Marvin Hayes
The Baltimore region ranks among the worst in the U.S. for air pollution. According to a 2018 study, the region had 114 days where the air quality ranked as yellow or worse by the EPA’s Air Quality Index. Poor air quality triggers asthma and can cause other health issues. In fact, children in Baltimore City have asthma at twice the rate of the rest of the country. And, our hospitalization rate for pediatric asthma is one of the highest in the nation.
Some neighborhoods, like Brooklyn-Curtis Bay, have to contend with additional environmental challenges related to industrial pollution – including three active trash incinerators, pollution from the nearby highways, and factories both active and inactive. The soil in these communities are contaminated.
Marvin Hayes thinks composting is a big part of the solution to Baltimore’s many environmental challenges. “Composting is the alternative to trash incineration,” he says.” About 80 percent of our trash can be recycled or composted.”
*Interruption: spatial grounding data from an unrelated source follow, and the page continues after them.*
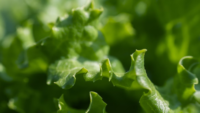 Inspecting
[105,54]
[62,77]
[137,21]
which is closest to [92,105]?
[62,77]

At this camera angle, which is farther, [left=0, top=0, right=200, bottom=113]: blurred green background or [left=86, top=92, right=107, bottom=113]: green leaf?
[left=0, top=0, right=200, bottom=113]: blurred green background

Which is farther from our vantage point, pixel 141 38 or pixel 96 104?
pixel 141 38

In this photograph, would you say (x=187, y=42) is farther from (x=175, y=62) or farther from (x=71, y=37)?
(x=71, y=37)

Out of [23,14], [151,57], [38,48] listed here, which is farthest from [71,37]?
[23,14]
“’Compost: Learn, so we don’t have to burn,’ that’s our motto,” Hayes says. “We can do so much through composting. We can help young people develop job skills and become environmental champions. And, we can help Baltimore get closer to zero waste.”
Hayes teaches youth about composting and green jobs and has expanded his composting system at the garden to be able to handle more food scraps. Through the collective, he already works with a group of students at Benjamin Franklin High School, who have launched a zero-waste challenge and a composting project at the school, as well as school groups from across Baltimore who come to the garden to learn about small-scale composting and alternatives to trash incineration.
“I want to give this city composting fever,” says Hayes. “I want my legacy to be that I’m training the next generation. There is power in empowering other Youth and, seeing their vision and goals, and encouging them the way that I have been!